PROBLEM REQUIREMENTS
From the first line of the entries below, reproduce everything exactly through the line with "FOUNTAINS/RIO PINAR - Residential", and nothing more.

ENTRIES SUPPLIED
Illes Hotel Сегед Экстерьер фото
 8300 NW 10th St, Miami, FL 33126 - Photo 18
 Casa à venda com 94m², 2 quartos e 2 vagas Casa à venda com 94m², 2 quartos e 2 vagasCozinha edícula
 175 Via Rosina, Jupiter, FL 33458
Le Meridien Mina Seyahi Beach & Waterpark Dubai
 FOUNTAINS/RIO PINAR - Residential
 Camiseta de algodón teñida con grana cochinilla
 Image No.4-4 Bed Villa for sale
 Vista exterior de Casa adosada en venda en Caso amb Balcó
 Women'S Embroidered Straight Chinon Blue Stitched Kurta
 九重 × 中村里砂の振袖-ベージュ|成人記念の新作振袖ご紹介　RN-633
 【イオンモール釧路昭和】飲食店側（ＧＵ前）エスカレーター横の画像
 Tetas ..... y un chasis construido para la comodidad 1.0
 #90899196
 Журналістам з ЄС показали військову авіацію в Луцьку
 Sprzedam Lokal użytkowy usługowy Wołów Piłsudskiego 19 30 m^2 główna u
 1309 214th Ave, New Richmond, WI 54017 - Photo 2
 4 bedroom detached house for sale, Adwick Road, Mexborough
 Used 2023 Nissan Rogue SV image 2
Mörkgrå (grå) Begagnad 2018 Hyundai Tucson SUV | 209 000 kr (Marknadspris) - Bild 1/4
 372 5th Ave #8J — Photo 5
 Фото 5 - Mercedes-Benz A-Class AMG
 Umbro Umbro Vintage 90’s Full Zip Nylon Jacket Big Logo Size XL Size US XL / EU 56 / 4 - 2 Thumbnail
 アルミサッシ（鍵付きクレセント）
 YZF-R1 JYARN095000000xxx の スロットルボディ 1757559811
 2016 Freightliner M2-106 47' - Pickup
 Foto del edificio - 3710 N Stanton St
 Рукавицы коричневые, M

RESULT
Illes Hotel Сегед Экстерьер фото
 8300 NW 10th St, Miami, FL 33126 - Photo 18
 Casa à venda com 94m², 2 quartos e 2 vagas Casa à venda com 94m², 2 quartos e 2 vagasCozinha edícula
 175 Via Rosina, Jupiter, FL 33458
Le Meridien Mina Seyahi Beach & Waterpark Dubai
 FOUNTAINS/RIO PINAR - Residential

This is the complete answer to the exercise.